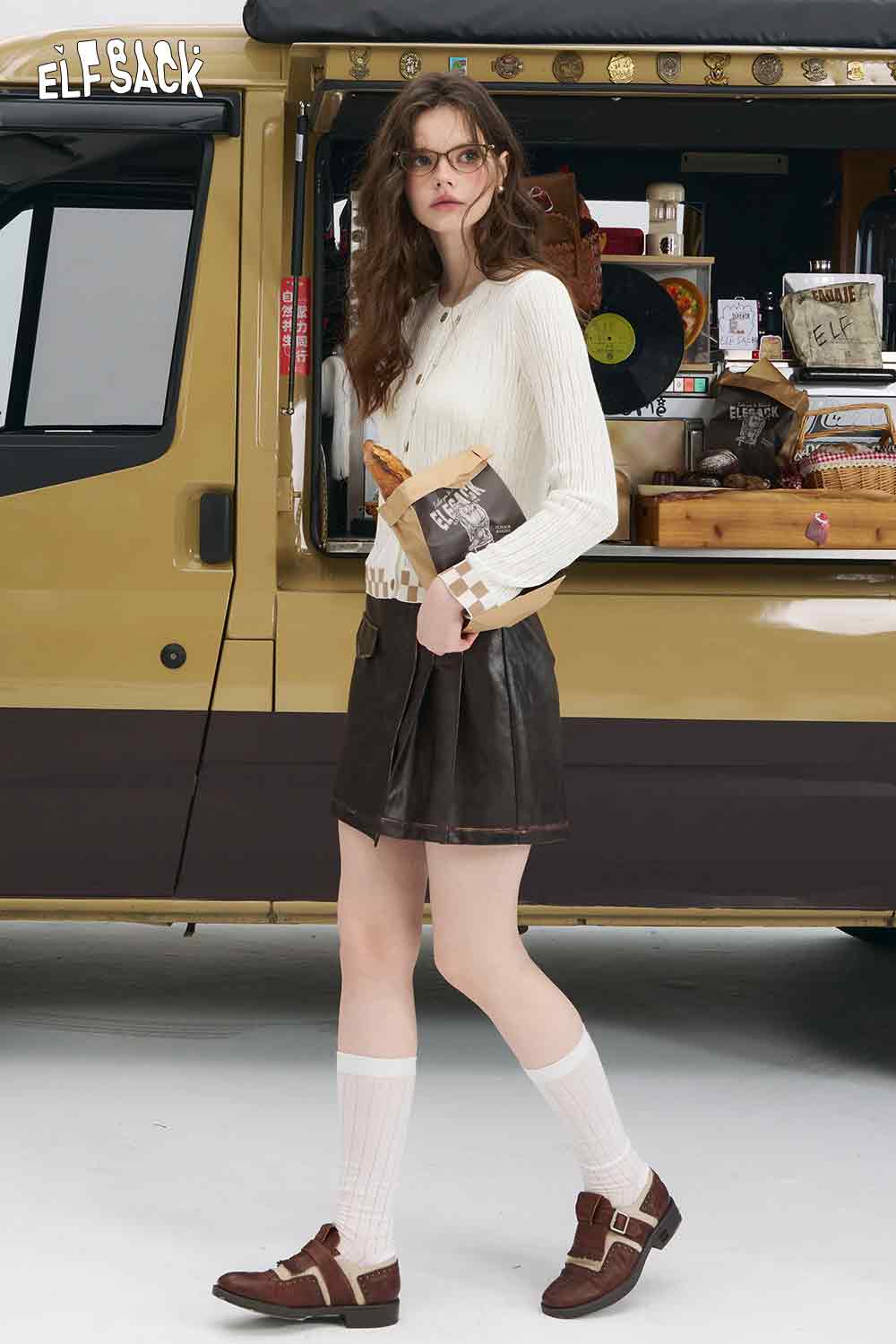 ELFSACK mint checkered knit cardigan on model with brown mini skirt knee socks and loafers by camper van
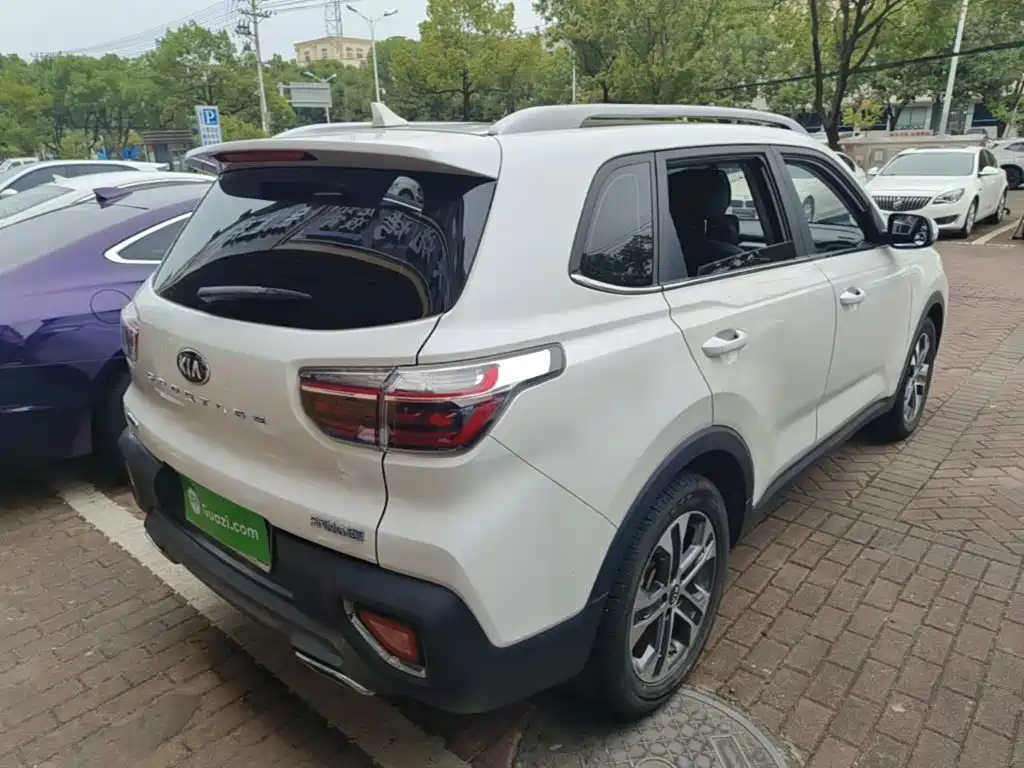 Kia Sportage — фото 7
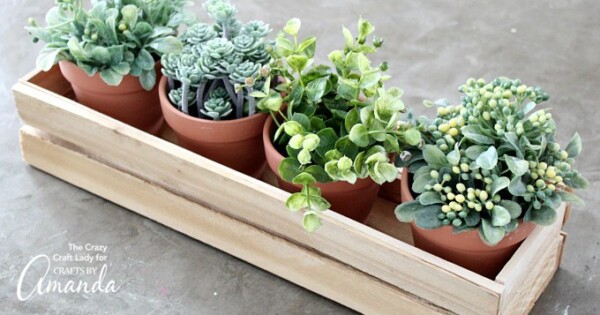 Wood shim planter box with potted plants inside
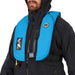 Person in black jacket wearing a blue PFD against a white background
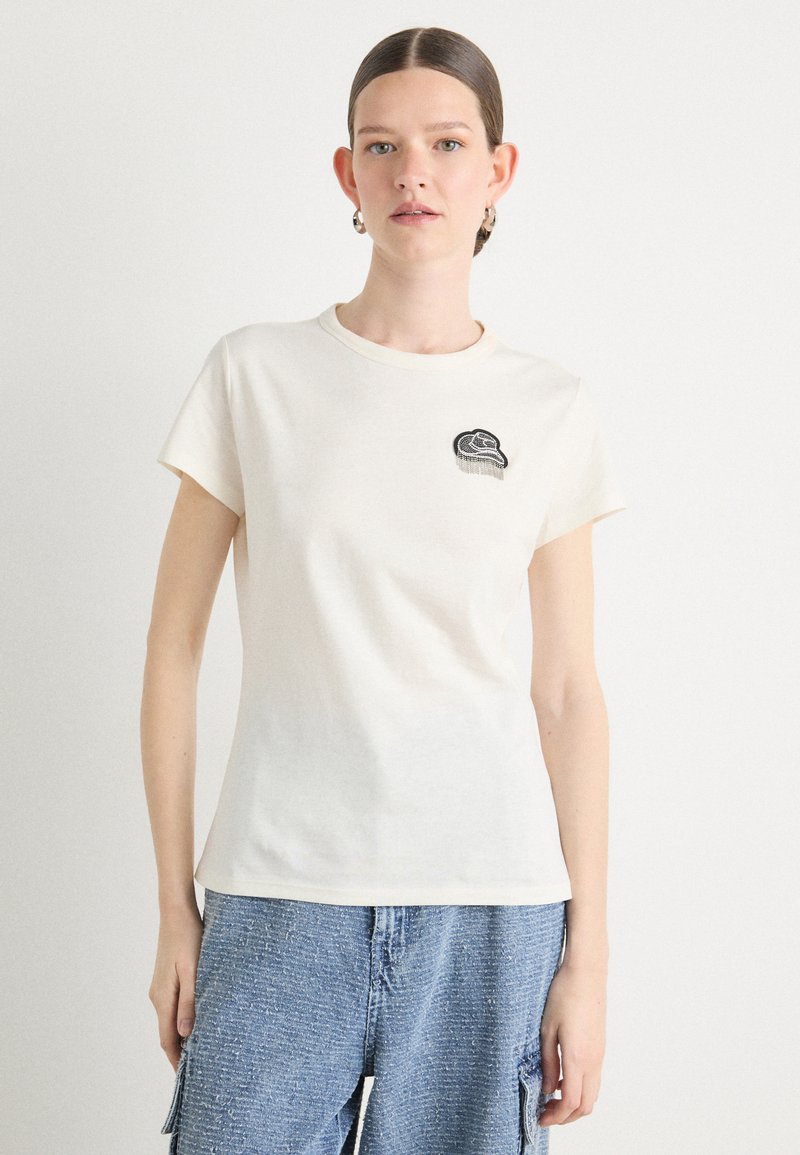 Cream cotton t-shirt with short sleeves, round neckline, and black embroidered design on the chest. Paired with blue textured denim shorts.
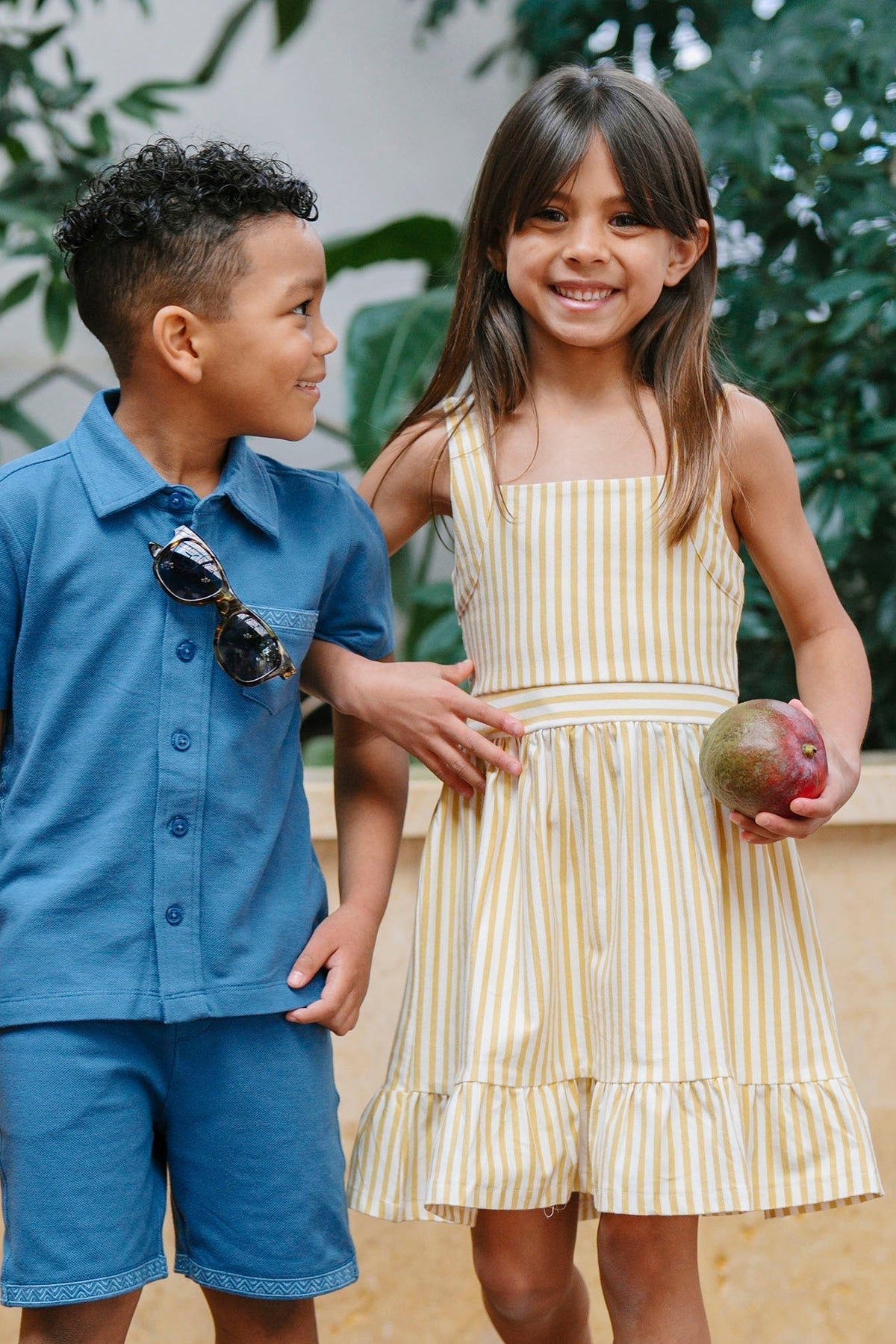 A young boy in a blue button-up shirt and shorts stands next to a girl wearing a yellow striped sundress with a flounce hem, both smiling in a lush outdoor.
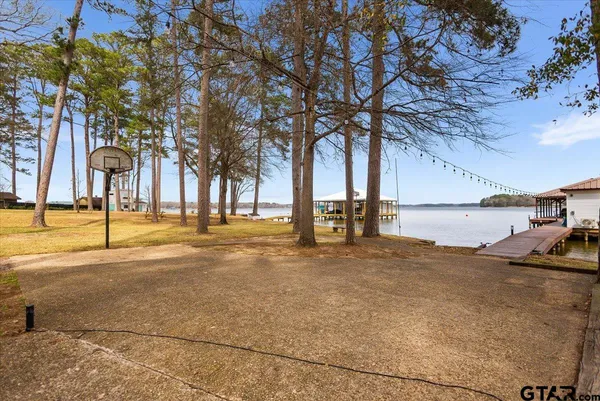 a living room with furniture a ceiling fan and a rug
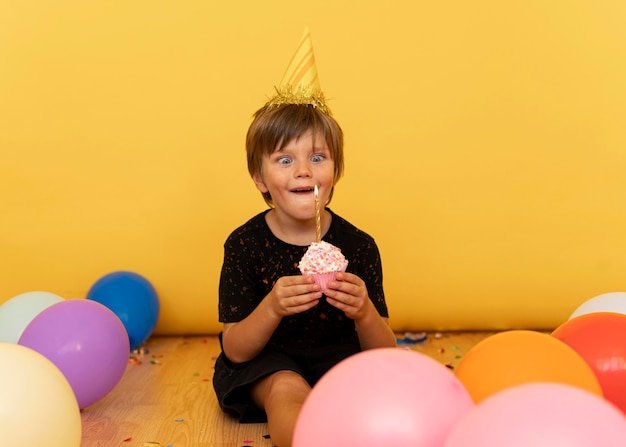 Little boy holding cupcake with candle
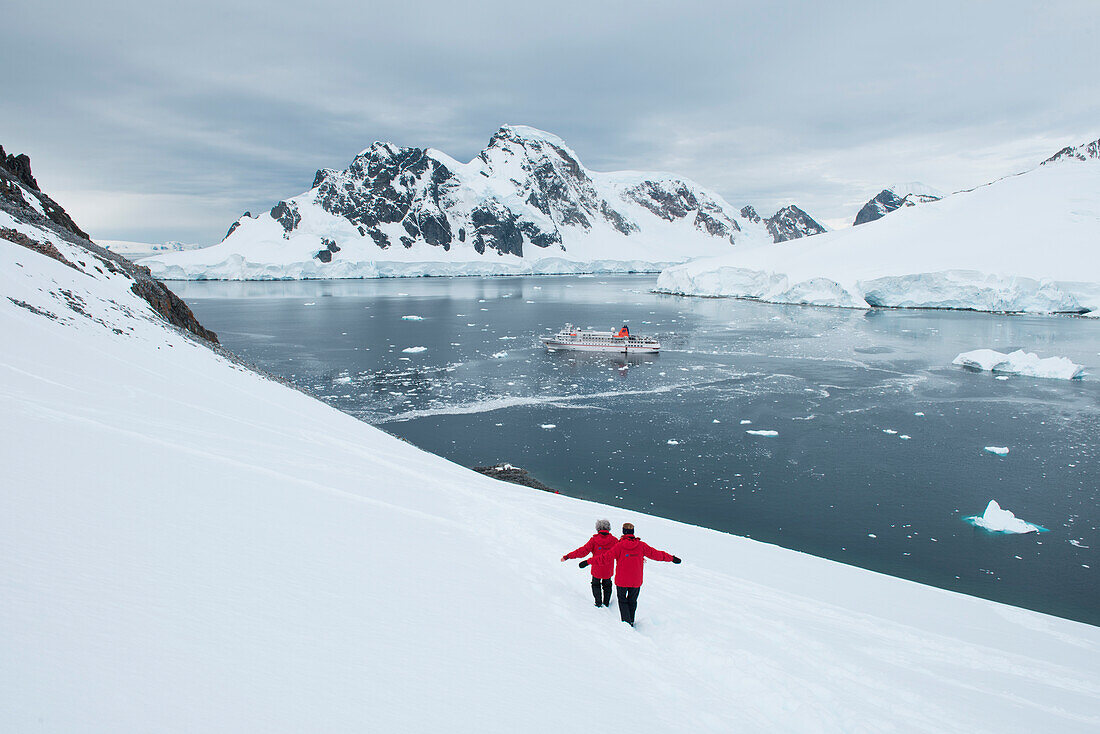 Zwei Menschen auf einem schneebedeckten Hügel mit Expeditions-Kreuzfahrtschiff MS Bremen (Hapag-Lloyd Cruises) im Hintergrund, Orne Harbor, Grahamland, Antarktische Halbinsel, Antarktis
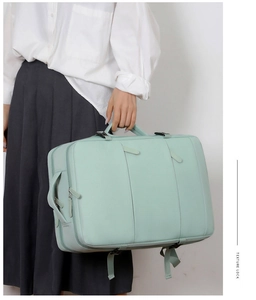Detail view of large mint green travel backpack with side handles and buckles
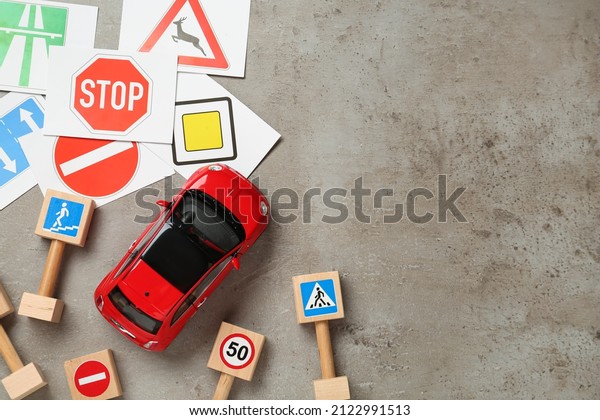 Many different road signs\
and toy car on grey background, flat lay with space for text.\
Driving school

- ASSIGNED TASK
Would you please reproduce the entries above, starting at the line with "Kia Sportage — фото 7" and stopping after the line with "Cream cotton t-shirt"? Omit any pictures.

- YOUR SOLUTION
 Kia Sportage — фото 7
 Wood shim planter box with potted plants inside
 Person in black jacket wearing a blue PFD against a white background
 Cream cotton t-shirt with short sleeves, round neckline, and black embroidered design on the chest. Paired with blue textured denim shorts.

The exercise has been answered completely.